Mount Fuji finally gets UNESCO status
From The Diplomat:
Japanese officials have announced that Mt. Fuji is poised to become a UNESCO World Heritage site.
Although an important UN advisory council, the International Council on Monuments and Sites,
has already recommended that the designation be made for the well-known
volcano, the official call will be made when UNESCO’s World Heritage
Committee convenes in Cambodia this June. Mt. Fuji (Fuji-san, as it’s known in Japan) is far and away the nation’s most revered peak, as well as the highest at 3,776 meters (12,460 feet).
Despite being a natural formation, the picture-perfect mountain is set
to be listed as a cultural site, rather than natural, on the vaunted
World Heritage List. This distinction is fair. Fuji’s snow-capped
likeness was favored as a motif in traditional art, from landscape
paintings on scrolls to wood block prints. Thirty-six Views of Mount Fuji, a series of ukiyo-e
(woodblock prints) by Edo-period artist Katsushika Hokusai, is perhaps
the most celebrated depiction of the near perfectly conical peak. ...

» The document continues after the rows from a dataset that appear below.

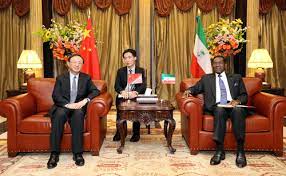 Equatoguinean politician who has been president of equatorial guinea since 1979. Yang Jiechi Meets With President Teodoro Obiang Nguema Mbasogo Of Equatorial Guinea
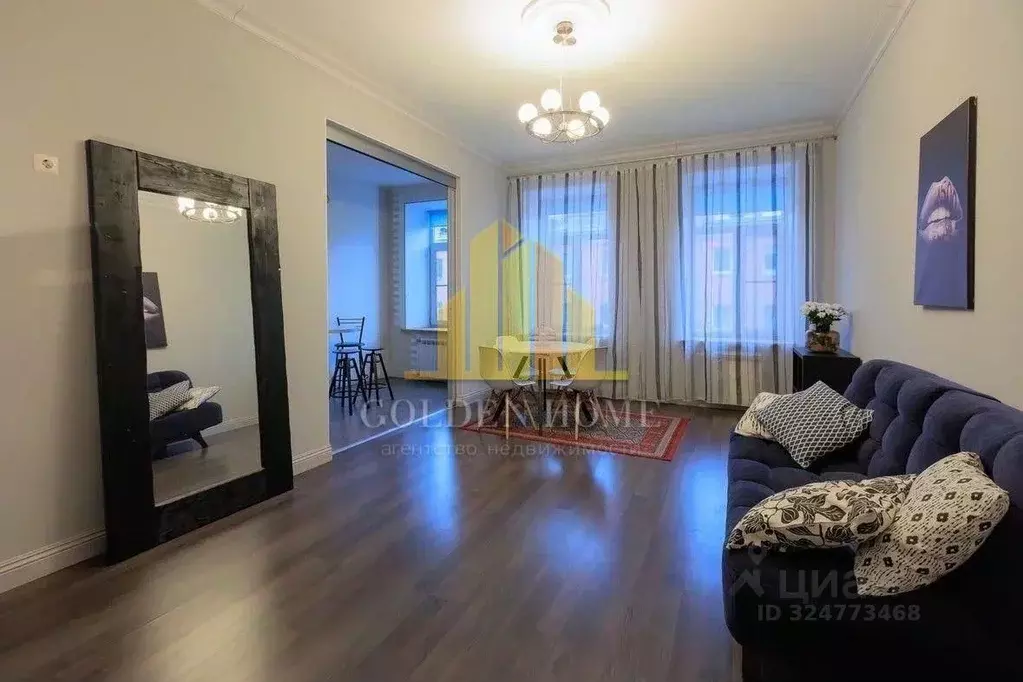 2-к кв. Санкт-Петербург Воронежская ул., 54 (70.0 м) - Фото 1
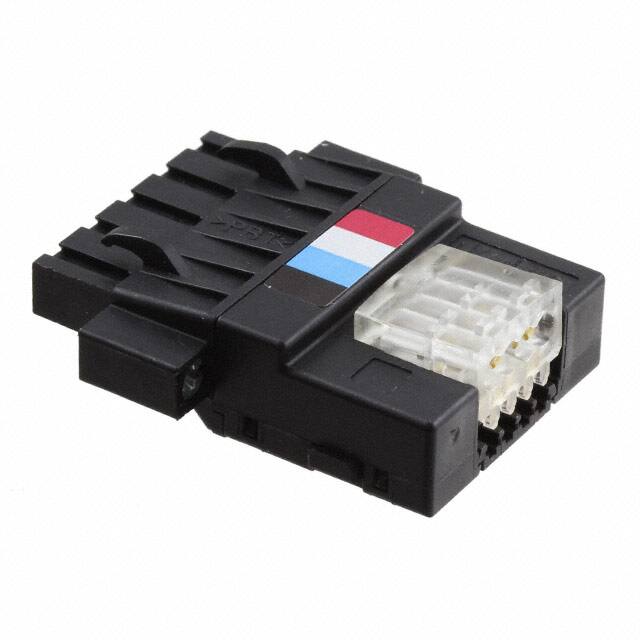DCN4-SF4D CONN RCPT 4POS IDC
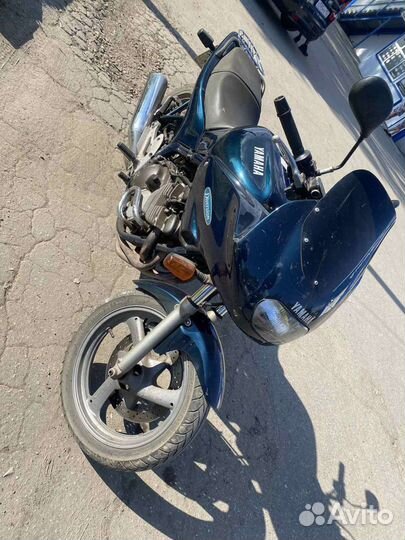 Yamaha xj 600 diversion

Fuji is also said to be one of the nation’s most sacred spots and one of
Japan’s “Three Holy Mountains,” alongside Mt. Tate and Mt. Haku. The
reputation stems from The Tale of the Bamboo Cutter, a 10th
century Japanese folktale that is considered one of the nation’s oldest
existing stories. The ancient yarn tells of a goddess who left the
elixir of life (the secret of immortality) atop Fuji – hence Hokusai’s
obsession with the peak.
Some background from Atlantic Cities:
For whatever reason, UNESCO has declined for years to include Mount Fuji in its canon of World Heritage Sites.
Part of the problem allegedly was the mountain's status as an illegal
dump – in a 12-month period starting in 2006, a local volunteer group
cleaned it of 187,000 pounds of garbage. (There's also the issue of it being a popular staging area for suicides, but as far as I know UNESCO hasn't commented on that.)